Ms Squire, from High Wycombe, Buckinghamshire, said she was due to meet with the Prime Minister to discuss tougher measures for non-contact sexual offences.

Before he killed Libby Squire, Relowicz had a history of non-contact sex crimes including voyeurism.

She said: “People still think that non-contact sexual offences are harmless but they’re not harmless.

“We can’t say that all people who commit a non-contact sexual offence are going to go on to become rapists and murderers, but I think we can probably say that most rapists and murderers started off with non-contact sexual offences.

“I also think these people need help. There should be some sort of help facility for them. They should be forced to go into treatment or have therapy for what they have done.”

Ms Squire said she wanted her daughter’s legacy to be “change for women”.

She added: “Because of what happened to her, I want other women to be safer.

“I will honour her until I take my last breath.”

Libby Squire’s parents still do not know how their daughter died.

Pawel Relowicz is the only person who knows how Ms Squire ended up in the River Hull, whether she was alive when she was put in the water or how she was killed on Hull’s cold, dark Oak Road playing fields.

York Press: Libby Squire

Despite all the evidence gathered by Humberside Police about Relowicz’s sexual motive, previous offences, interactions with Miss Squire and their sexual intercourse, detectives had to contend with a major problem for a murder investigation – no cause of death.

Home office pathologist Matt Lyall, who conducted the post-mortem examination, was unable to determine the cause of Ms Squire’s death because her body had been in the water for so long when it was found in the Humber Estuary.

Oliver Saxby QC, defending Relowicz, told the jury: “They cannot say how Libby Squire died.
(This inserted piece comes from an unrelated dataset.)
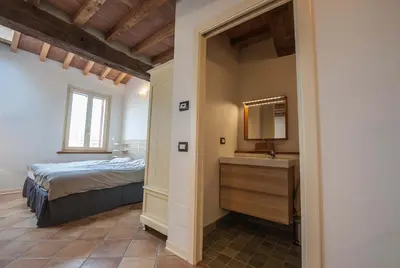 Letto o letti in una camera di B&B Le Grazie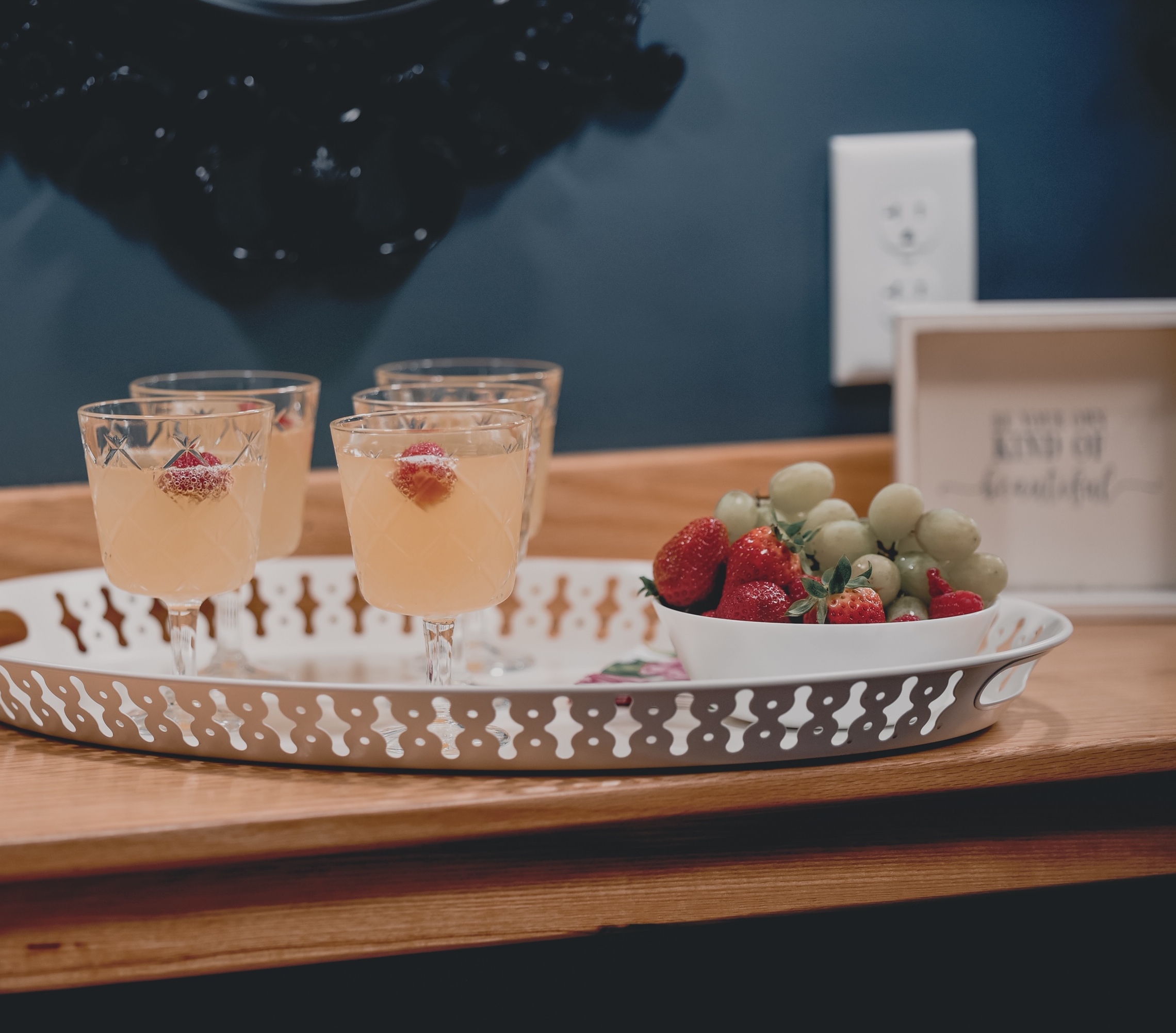 Welcome refreshments — mimosas and fresh fruit — set out in the Bridal House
They can’t even say she was killed.

“Dr Lyall’s clear evidence cannot even say she was killed.

“However much you are reassured that the prosecution don’t have to prove this or that, not being able to prove how the victim died, not being able to prove she was killed, these are two fairly big caveats in a murder case.

“It means one of the crucial aspects of the case, whether she was killed, perhaps the most crucial aspect of the case, the prosecution are forced to rely on inference, on carefully constructed arguments, on theories, in reality, to persuade you of what happened.”
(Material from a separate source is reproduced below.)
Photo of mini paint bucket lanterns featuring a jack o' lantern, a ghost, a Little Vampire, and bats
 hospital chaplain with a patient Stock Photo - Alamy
But prosecutors told the jury that they did not need to establish how she died.

Their case against Relowicz was presented on the basis that the father-of-two must have killed Ms Squire due to the overwhelming circumstantial evidence against him and the lack of credible alternative explanations.

Richard Wright QC, leading the prosecution team, told Sheffield Crown Court: “It is not possible for the pathologist to determine how Libby died, but it is not necessary for the prosecution to demonstrate any particular mechanism of death in this, or indeed in any other case of murder.

“We say that you can be sure that Pawel Relowicz subjected Libby to unlawful violence at the Oak Road playing fields and that violence caused her death.

“Whether that be by asphyxiation, or by any other means, such as deliberately throwing her into the freezing River Hull in the sure knowledge that she would drown.”

During the trial, a juror asked the judge to clarify: “Does circumstantial evidence stack up in court?”

Mr Wright told the jury that it definitely did.

And he said that the crucial circumstances which should convince them that Relowicz was the killer included the fact that he was prowling the streets looking for “easy sex”, that he was a serial sex offender, that he had picked up Ms Squire in a drunken and confused state and that he admitted the he had sexual intercourse with her before she vanished.

Mr Wright told the jury there was no other credible explanation of how she got into the water.

The prosecutor ruled out suicide. He said that, despite Ms Squire having mental health problems, she was in the “best place in her life” and had showed no recent signs of being suicidal.

He also discounted her accidentally falling into the water, pointing out that she was terrified of water and scared of walking in dark places by herself.

And Mr Wright dismissed any suggestion that she was attacked by someone other than Relowicz, saying it would have been an “unholy coincidence”.